La obra de Girard parte del campo de la historia, pero se mueve siempre de forma transversal
entre la antropología, la filosofía y la literatura. Parte de una noción central: la de “mímesis” o
imitación, que él toma directamente de Platón y Aristóteles para reconducirla en la elaboración de una concepción del hombre que encuentra refrendada tanto en la literatura como en la historia (la pasada y la presente). El hombre es fundamentalmente deseo, pero no deseo de un objeto por su utilidad o función, sino deseo del objeto que posee el otro. La relación es pues entre tres elementos: yo, el otro y el objeto. De ahí la rivalidad que lleva al antagonismo y, finalmente, a la violencia. Vivimos, creía Girard, en una sociedad violenta, hija de un acto de violencia en un inocente (chivo expiatorio), acto que posteriormente se mitifica como forma de superación de la propia culpa. No es casual que esa concepción del deseo más allá del propio objeto sea utilizada por Girard a partir de la segunda mitad de los sesenta.

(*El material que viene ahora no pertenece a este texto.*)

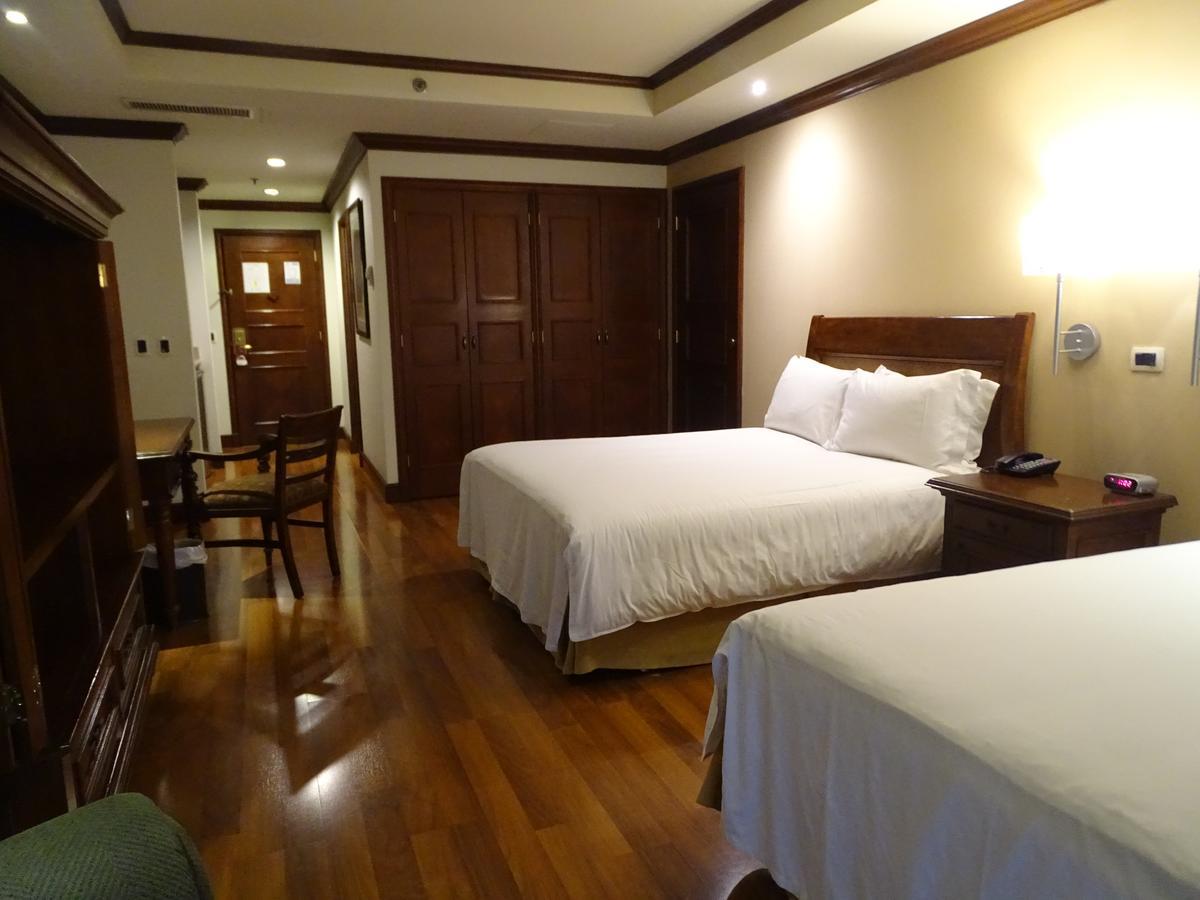 Junior Suite Two Queen Beds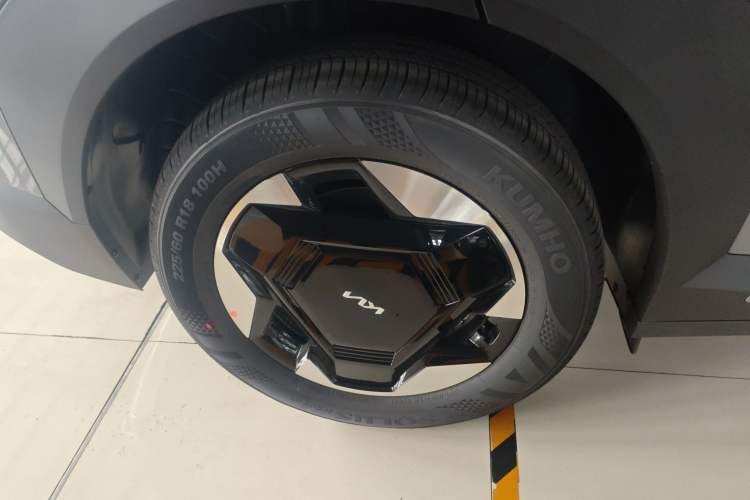 Used Kia EV5 2025 530 Air Exterior 8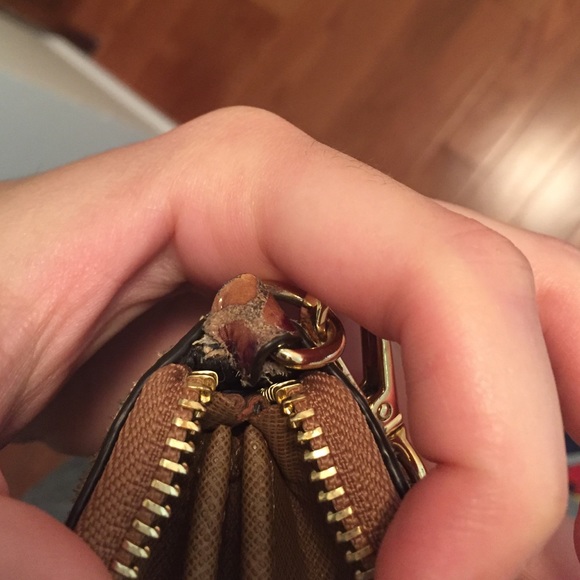 SOLD! Michael Kors snakeskin wristlet - Picture 4 of 4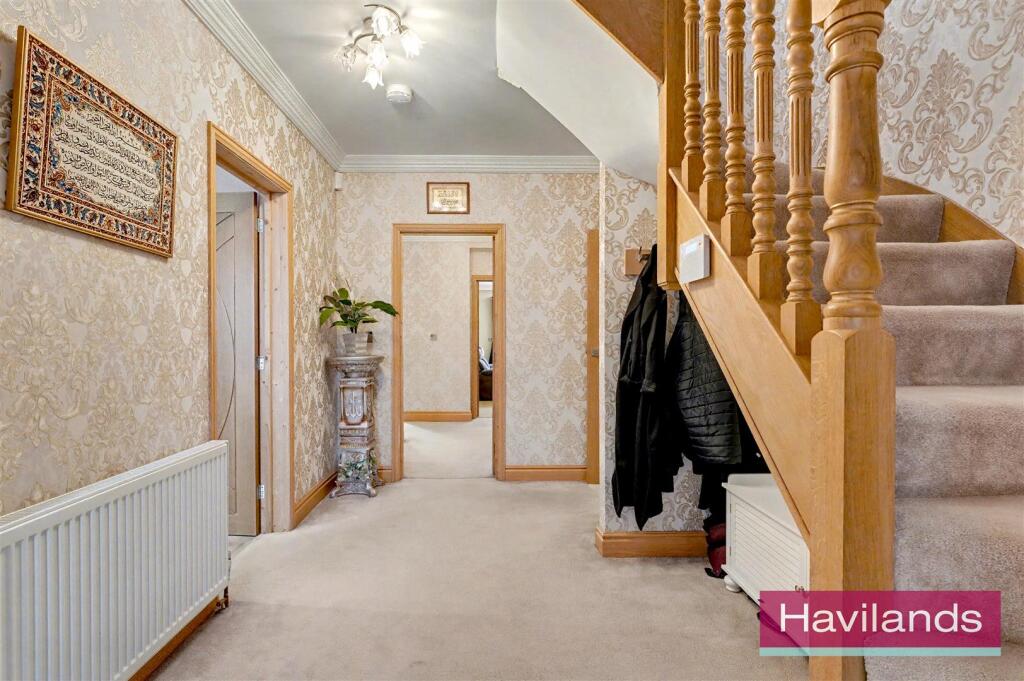 Wades Hill, Winchmore Hill photo 4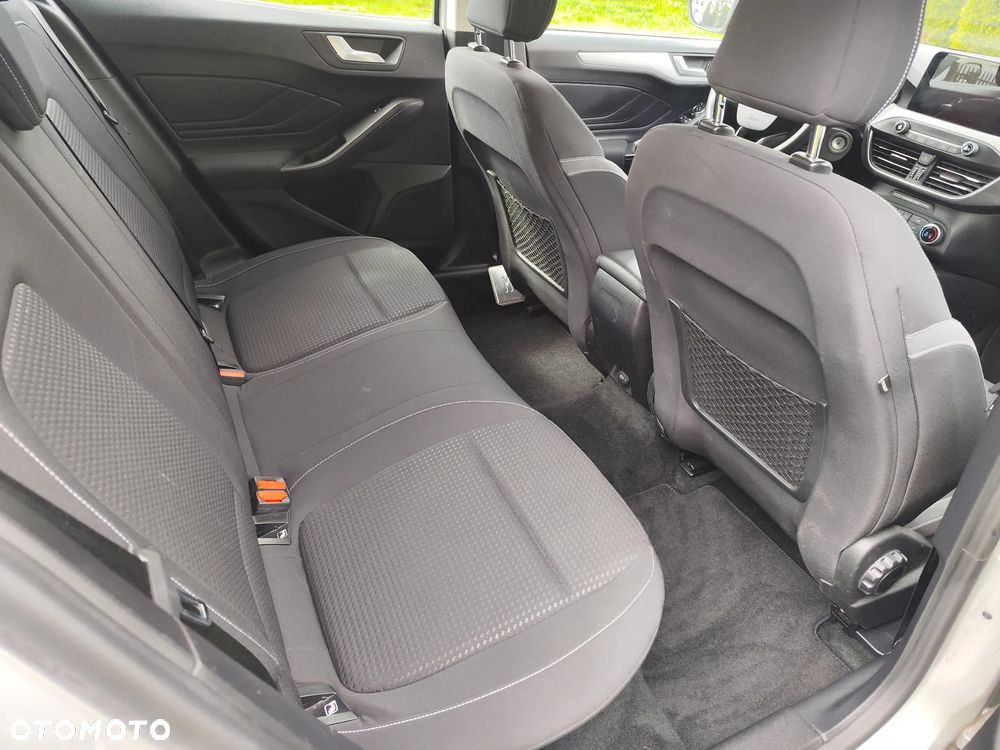 Ford Focus 1.5 TDCi Trend Sport - 13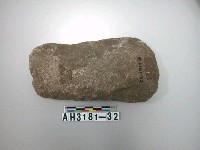 藏品(大型打製石斧)的圖片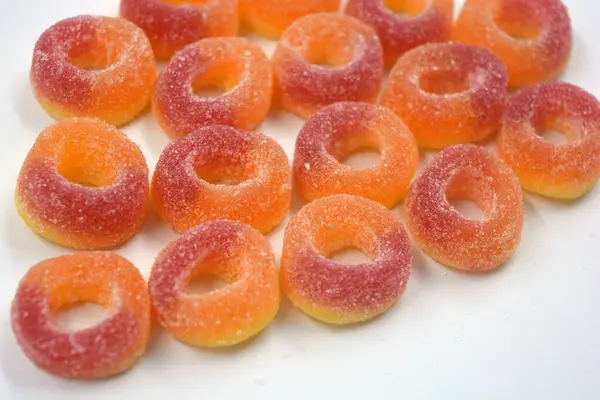 美丽而明亮的甜果冻圆圆的糖果形式的橙色 红色的甜甜圈 零食都在白色的背景上 — 图库照片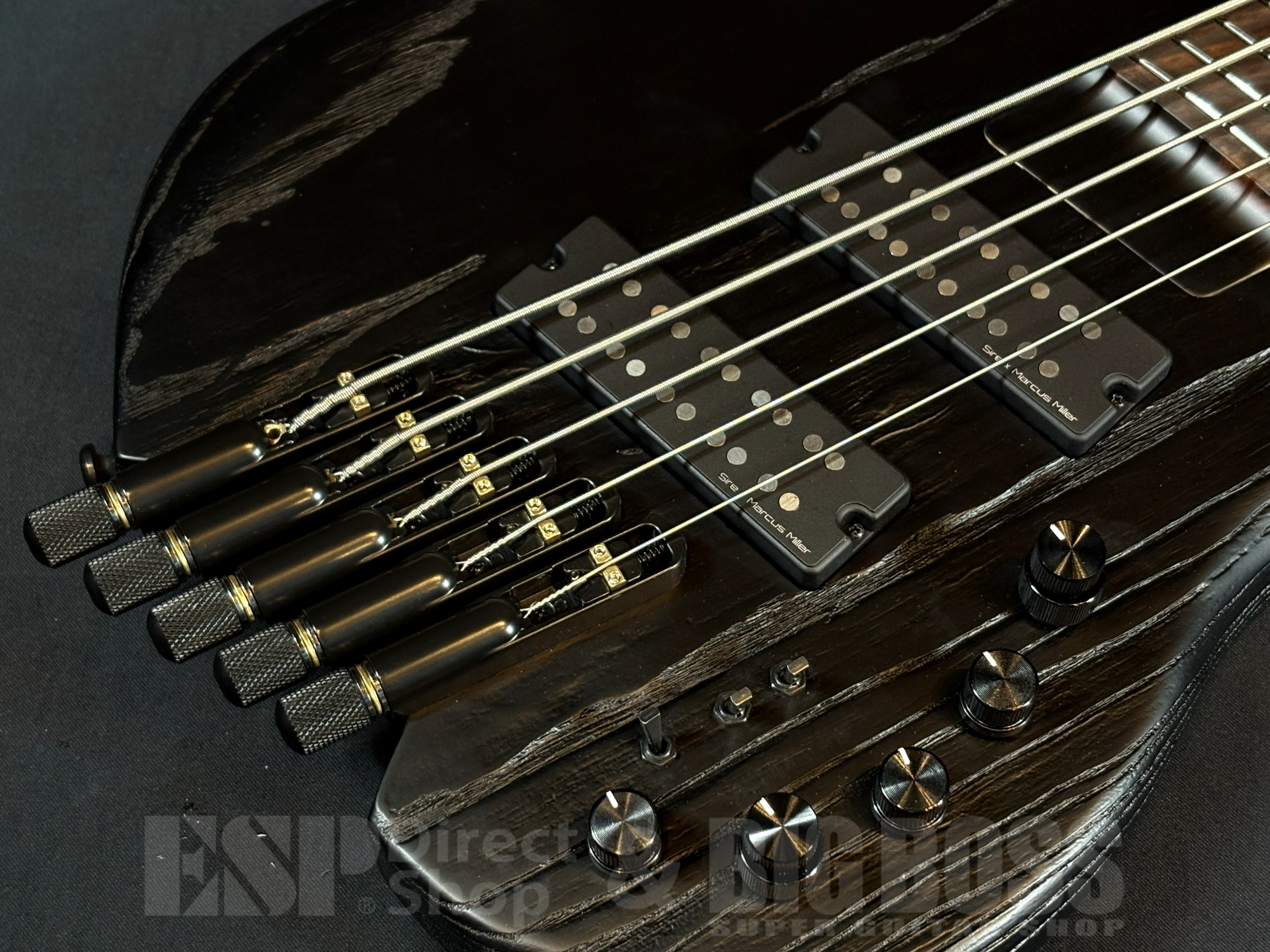 【即納可能】Sire Marcus Miller M6 5-String Headless Black 大阪店 - 6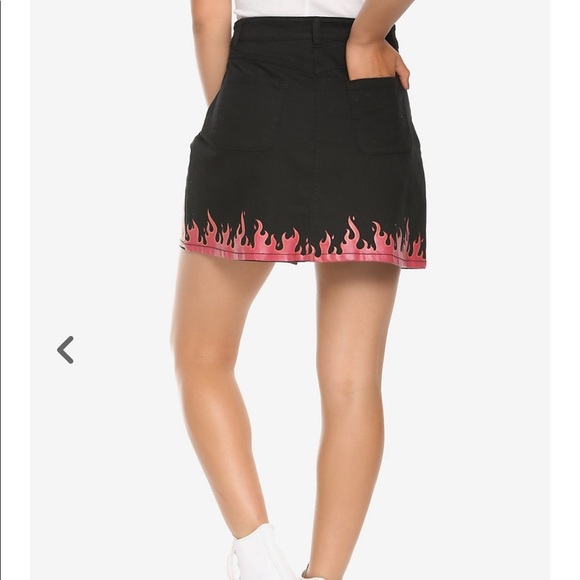 NWT HOT TOPIC Disney Aladdin Magic Carpet Skirt - Picture 3 of 4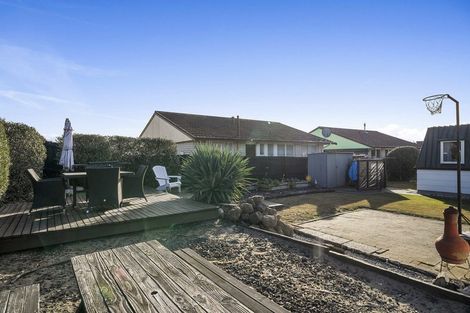 Photo of property in 5 Queenspark Drive, Parklands, Christchurch, 8083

Son los años en los que aparece también la crítica a la sociedad de consumo, una crítica que él comparte. El consumismo, sostuvo Girard, nos degrada, exacerba nuestros deseos hasta sumirnos en la miseria moral. Quien mejor se dio cuenta de ello fue la publicidad, que estimuló los deseos de los individuos más allá de la necesidad del producto. La violencia tiene una función unificadora de la sociedad. En momentos de crisis, el conjunto es capaz de encontrar elementos a los que acusar del mal. Es el chivo expiatorio, perfectamente reseñado en los libros bíblicos. Cristo mismo es una víctima. Pero es también, en la visión de Girard, el mecanismo que posibilita la superación de esa culpa, hasta el punto en que propone que imitar a Cristo consiste en evitar ser imitado. Cristo es, sostenía, la víctima inocente, de modo que hace evidente que el mal no se halla en la víctima sino en la sociedad. La verdad está de parte de la víctima, no en el acto del sacrificio.